→ Source information:
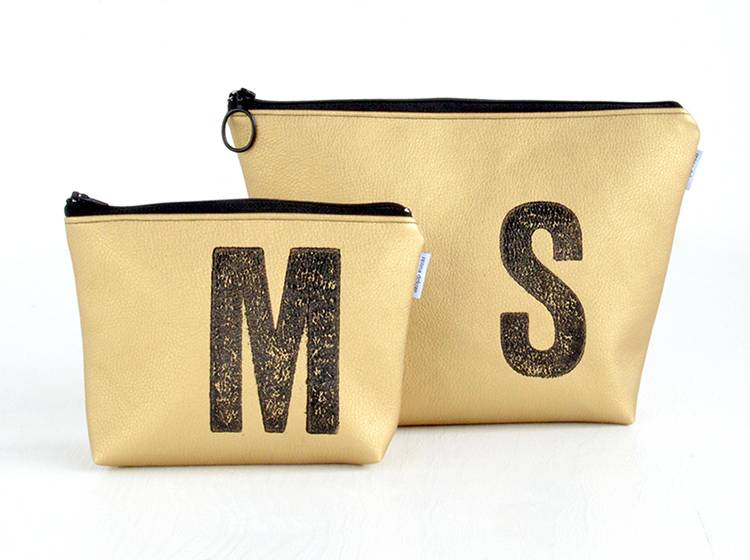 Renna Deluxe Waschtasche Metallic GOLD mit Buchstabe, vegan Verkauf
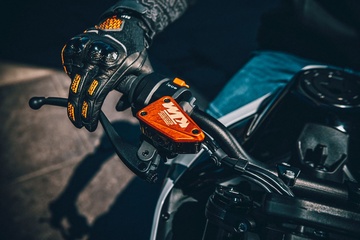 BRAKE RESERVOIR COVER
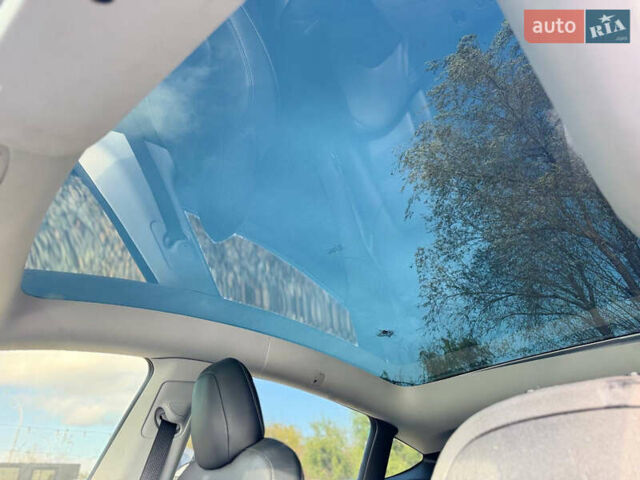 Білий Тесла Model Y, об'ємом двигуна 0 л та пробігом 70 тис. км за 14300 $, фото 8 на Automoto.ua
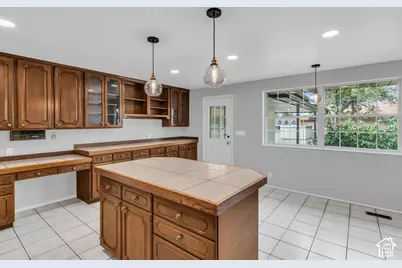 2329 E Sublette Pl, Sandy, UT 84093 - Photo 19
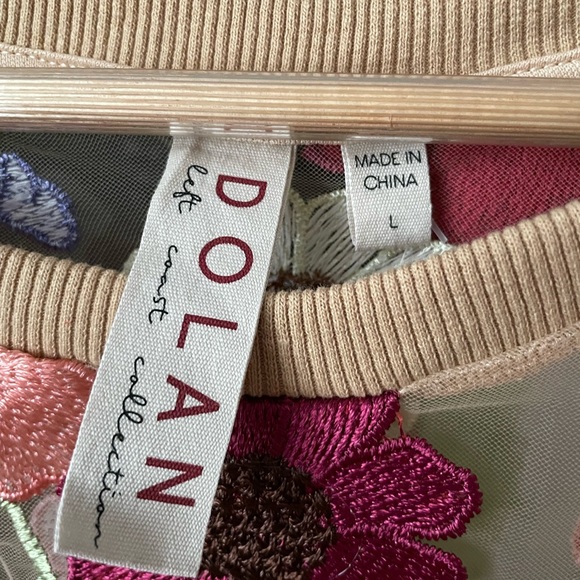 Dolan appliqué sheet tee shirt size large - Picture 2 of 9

→ Assignment:
Starting with the first entry and ending with the last, reproduce the listing exactly, without its pictures.

→ Response:
 Renna Deluxe Waschtasche Metallic GOLD mit Buchstabe, vegan Verkauf
 BRAKE RESERVOIR COVER
 Білий Тесла Model Y, об'ємом двигуна 0 л та пробігом 70 тис. км за 14300 $, фото 8 на Automoto.ua
 2329 E Sublette Pl, Sandy, UT 84093 - Photo 19
 Dolan appliqué sheet tee shirt size large - Picture 2 of 9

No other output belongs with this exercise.